[Episcopal News Service – Denham Springs, Louisiana] If the “Great Flood” of 2016 were a play, the Rev. Mark Holland says, this would be the end of the first act.
Waters are, for the most part, receding in south Louisiana, leaving behind more than 60,000 damaged homes, 100,000 soaked vehicles, and damages estimated at more than $8.7 billion. Homes, businesses and churches are gutted or well on their way to being gutted. Where they can, people are getting back to work and school.
“Where they can” being operative words. Many people are in a holding pattern, waiting on insurance checks, construction permits, contractors’ availability and clarification on new governmental regulations. St. Francis Episcopal Church in Denham Springs, just east of the state capitol of Baton Rouge, took on between 2-and 3-feet of Amite River water.
The church is waiting on the construction permit, said Holland, the church’s new priest-in-charge.
“We have to find out from Livingston Parish – if you took on a certain amount of water, you have to elevate your buildings,” Holland said. “That’s a game changer.”
Decisions on elevation requirements will be made in the next couple of weeks, Holland said, at which point St. Francis will work with its insurance company to decide how best to rebuild the church’s four buildings. Unlike most home- and business-owners in Livingston Parish, the church did have flood insurance. St. Francis is insured by The Church Insurance Companies, which provide churches, dioceses, and institutions with multiple coverages for protecting their people and property, including risk management tools and strategies.
St. Francis Church was the only church in the Diocese of Louisiana that flooded, and has received a lot of assistance from the other churches in the diocese and other churches in the community, said Holland.
The Rev. Jacqueline King of First United Methodist Church in Denham Springs opened her church to worshipers from St. Francis and to a Baptist church that flooded. King’s invitation came as welcome news to St. Francis’ parishioners.

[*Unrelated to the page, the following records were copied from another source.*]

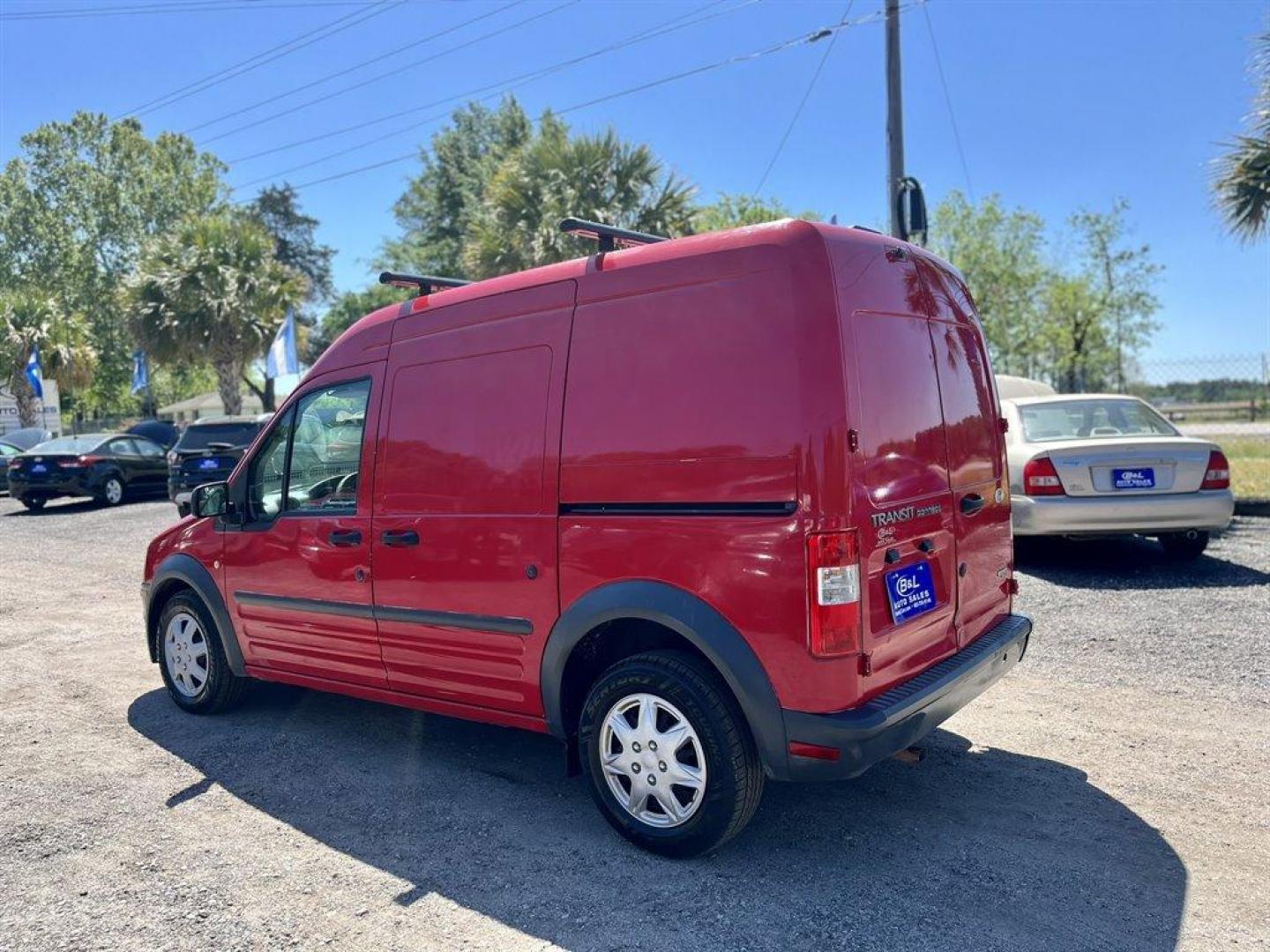 2012 Red /Grey Ford Transit Connect (NM0LS7AN3CT) with an 2.0l I-4 Smpi Dohc 2.0l engine, Automatic transmission, located at 745 East Steele Rd., West Columbia, SC, 29170, (803) 755-9148, 33.927212, -81.148483 - Special Internet Price! 2012 Ford Transit Connect XL - Photo#1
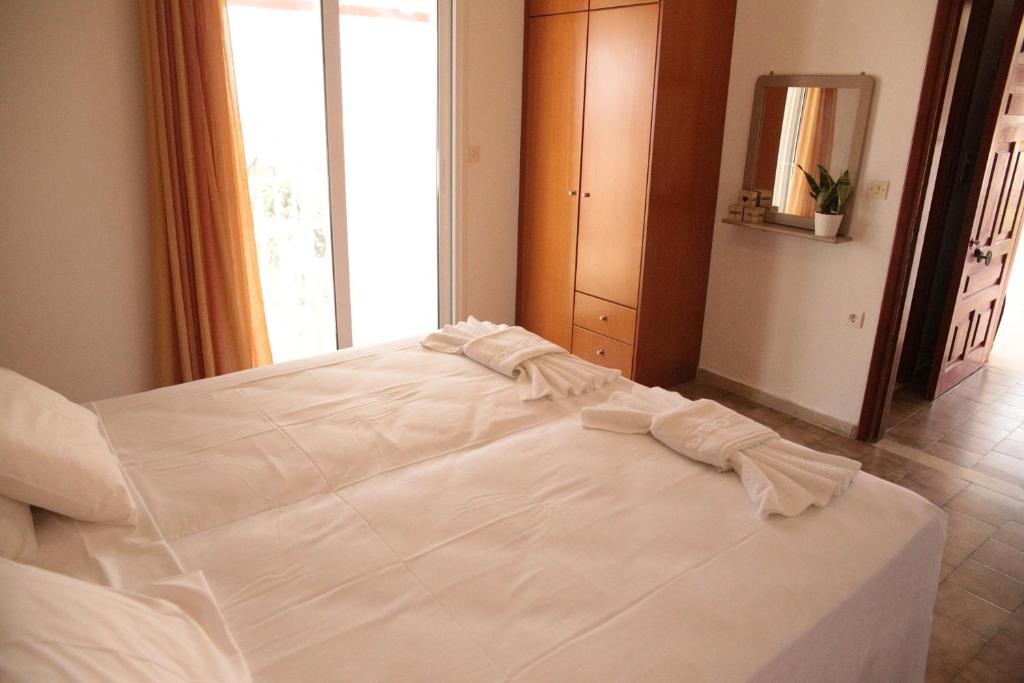 Postel nebo postele na pokoji v ubytování Villa Argiris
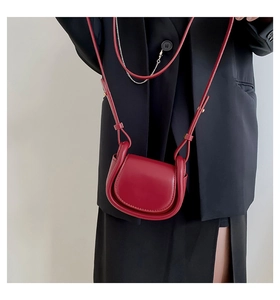 Close-up of a red leather mini saddle bag with golden buckles on a black blazer outfit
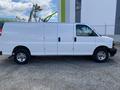 A side view of a white 2023 GMC Savana cargo van with a smooth exterior and large wheels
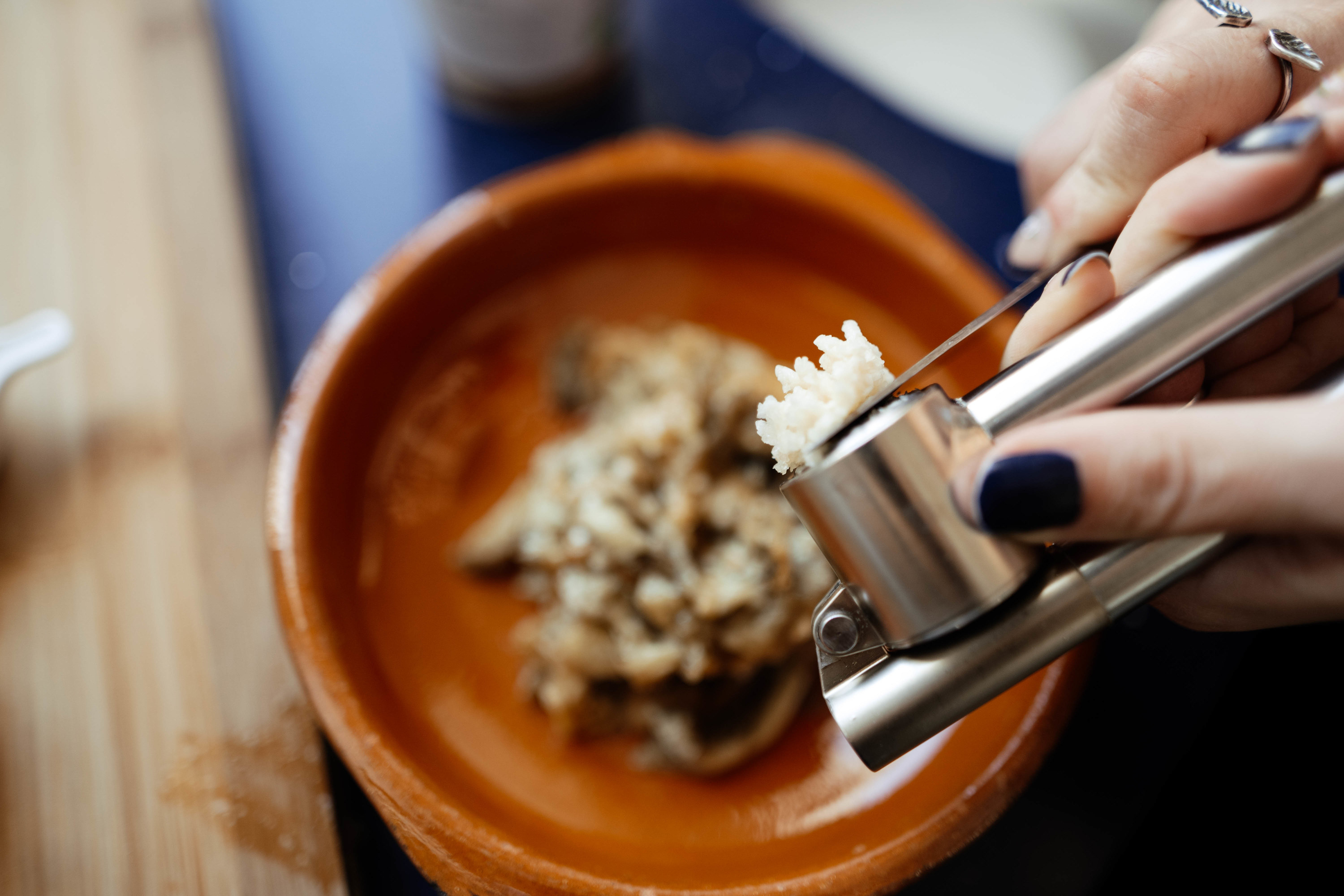 Pressing shallot through garlic press and using knife to put it into bowl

“We know where we’re going to be, and we can worship together,” Holland said.
Holland canceled one service at St. Francis the weekend of the flood. The next Sunday, after spreading the word through the church’s Facebook page, about 60 of the church’s 150 or so parishioners gathered in the parking lot. The Rev. Tommy Dillon II, priest-in-charge at St. Margaret’s in Baton Rouge, assisted at the service.
“The congregation met outside on folding chairs under the big oak trees while they celebrated the sacrament, listened to God’s Word, prayed and shared personal testimonies about what happened to their homes,” he said.
The service was cathartic, and Holland invited families to share their personal stories about what happened during the flood, he said.
The church, he said, is responsible for holding the community together, for providing a safe space to talk about issues and concerns. It’s also offering its resources: mainly financial for now, but listening ears later.
“That’s the second act,” he said – tending to people’s mental health as the enormity of the disaster sets in.
Louisiana Bishop Morris K. Thompson said caring for mental health will be a big part of the church’s mission as recovery moves forward and as people go through the stages of grief.
“We will continue to hold the hands of people who have been affected and walk them through that,” he said.
St. Francis is also planning for what the church will look like in the future. The buildings that flooded were built in the 1950s and bring with them their own set of problems, like the asbestos tiles that popped under strain from the water.
“The church that was there in the ’50s might not be the church for the 21st century,” Holland said, adding that the flood is also going to change Denham Springs. He predicts an exodus of residents, similar to what happened in New Orleans after Hurricane Katrina.
“Denham Springs is going to be a very different place,” he said, pointing out that if “your home flooded, your business flooded and your kids’ school flooded,” families may have to relocate elsewhere.
It took close to a month after the flood for Holland to be able to enter the building and retrieve a contact list of parishioners from his computer.
“We are going to go forward,” he said. “There’s no timeline yet. So much hinges on whether or not we have to raise those buildings up. It’s going to be a long process.”
– Beth Colvin is a Baton Rouge-based freelance writer.